# Savinelli#623 vs #320. Help



## Adamo (Dec 23, 2008)

Dear Members, it has been a a couple of years since I have been smoking pipes. I have 10 of them. Now I want to purchase a savinelli. My question is which one? I prefer the #623 which is a bulldog 1/4 bend
http://www.frenchyspipes.com/index.php?crn=207&rn=3400&action=show_detail

or the #320
http://www.frenchyspipes.com/index.php?crn=207&rn=3575&action=show_detail
which looks like less of a 1/4 bend, maybe a 1/8 bend. I find that straight pipes are hard on the mouth and pipes that have too much of a bend are annoying. So it's a toss between the savinelli#623(spigot, punto oro), and the #320 porto cervo or tundra. I find that the #623 spigot is nice, but looks unusual because of the diamond shaped body or whatever you call end after the bowl that is connected to the round mouthpiece. Check out the pipe at this link 2nd last one
http://www.smoke.co.uk/acatalog/Savinelli_Black_Spigot.html

The #673 is the same pipe, but round instead of square, but I find the square body gives the pipe a nice look. Anyway the bulldogs look nicer with a square body in my opinion. Any members out there that can help me out. I'm just looking for a comfortable savinelli that is not hard on the mouth. thanks
Adamo


----------



## bpcr (May 13, 2006)

I have the 320 and love it .. it has enough bend to make it comfortable without holding it all the time ....:2


----------



## dmkerr (Oct 27, 2008)

Bulldogs are probably the most comfortable pipes in my humble opinion. I prefer larger pipes so I only have one 'dog. But even my oversized bulldog is extrememly comfy.


----------



## Quick_nick (Feb 10, 2008)

I have the Tundra 320 and it's great. You don't see many of the author shapes anymore so it's a classic.


----------



## Adamo (Dec 23, 2008)

thanks for the help. I just wanted to be sure that the bend with the # 320 is enough, but not too much. From the pics I looked at the bend is very minimal. With the # 623 the bend look more like well a bend. I will go for the #320 model either the tundra or the porto cervo. thanks you guys.

Adamo


----------



## Professor Mike (Jun 25, 2008)

Adamo said:


> thanks for the help.
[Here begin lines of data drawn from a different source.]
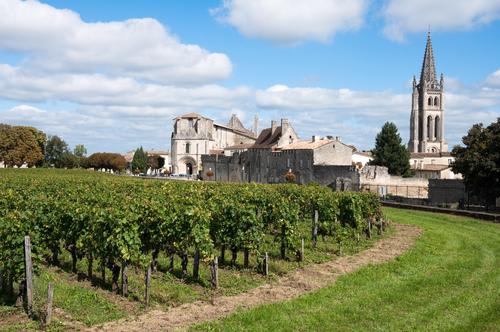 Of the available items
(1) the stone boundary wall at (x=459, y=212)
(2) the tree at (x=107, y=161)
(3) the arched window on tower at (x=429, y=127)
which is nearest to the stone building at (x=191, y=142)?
(2) the tree at (x=107, y=161)

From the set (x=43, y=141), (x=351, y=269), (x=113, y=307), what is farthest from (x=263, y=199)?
(x=43, y=141)

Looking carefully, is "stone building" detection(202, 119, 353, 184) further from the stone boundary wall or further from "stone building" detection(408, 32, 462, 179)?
"stone building" detection(408, 32, 462, 179)

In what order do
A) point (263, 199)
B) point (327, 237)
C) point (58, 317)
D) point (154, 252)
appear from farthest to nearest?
point (327, 237) < point (263, 199) < point (154, 252) < point (58, 317)

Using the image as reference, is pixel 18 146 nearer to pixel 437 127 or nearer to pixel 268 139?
pixel 268 139

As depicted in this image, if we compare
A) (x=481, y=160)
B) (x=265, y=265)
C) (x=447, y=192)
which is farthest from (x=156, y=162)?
(x=265, y=265)

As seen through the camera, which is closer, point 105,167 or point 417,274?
point 417,274

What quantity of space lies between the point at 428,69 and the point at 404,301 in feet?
419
I just wanted to be sure that the bend with the # 320 is enough, but not too much. From the pics I looked at the bend is very minimal. With the # 623 the bend look more like well a bend. I will go for the #320 model either the tundra or the porto cervo. thanks you guys.
> 
> Adamo


 Adamo go for the 320Tundra EX. you won't be dissappointed!!!!!!!!!!!!!!!!

Mike


----------



## Adamo (Dec 23, 2008)

Dear Mike, I talked to Frenchy and he stated that the savinelli #320 are author pipes and the shank/bit is fat. They are his best sellers, but not as comfortable as the bent bulldogs. The savinelli that is more comfortable and is a bent bulldog is the savinelli #623(but the price is a bit steep).The stanwell #191 or the Butz Choquin #1027 are easier on the mouth and same quality. Frenchy stated that he would go for the bent bulldog. I think I will take his advice and purchase the butz#1027. My search is almost over.
Adamo


----------



## Quick_nick (Feb 10, 2008)

You can't really go wrong, I have a 320 Tundra and it's a great smoker and doesn't seem to hold in the teeth too bad. The bit is a bit fat and not as wide as I like though. You should get what you're comfortable with imo.


----------



## Professor Mike (Jun 25, 2008)

Adamo said:


> Dear Mike, I talked to Frenchy and he stated that the savinelli #320 are author pipes and the shank/bit is fat. They are his best sellers, but not as comfortable as the bent bulldogs. The savinelli that is more comfortable and is a bent bulldog is the savinelli #623(but the price is a bit steep).The stanwell #191 or the Butz Choquin #1027 are easier on the mouth and same quality. Frenchy stated that he would go for the bent bulldog. I think I will take his advice and purchase the butz#1027. My search is almost over.
> Adamo


Adamo:
The Butz is a good choice. I have a couple that are excellent smokers and reasonalbly priced. Enjoy!!!!!!!!!!

Mike


----------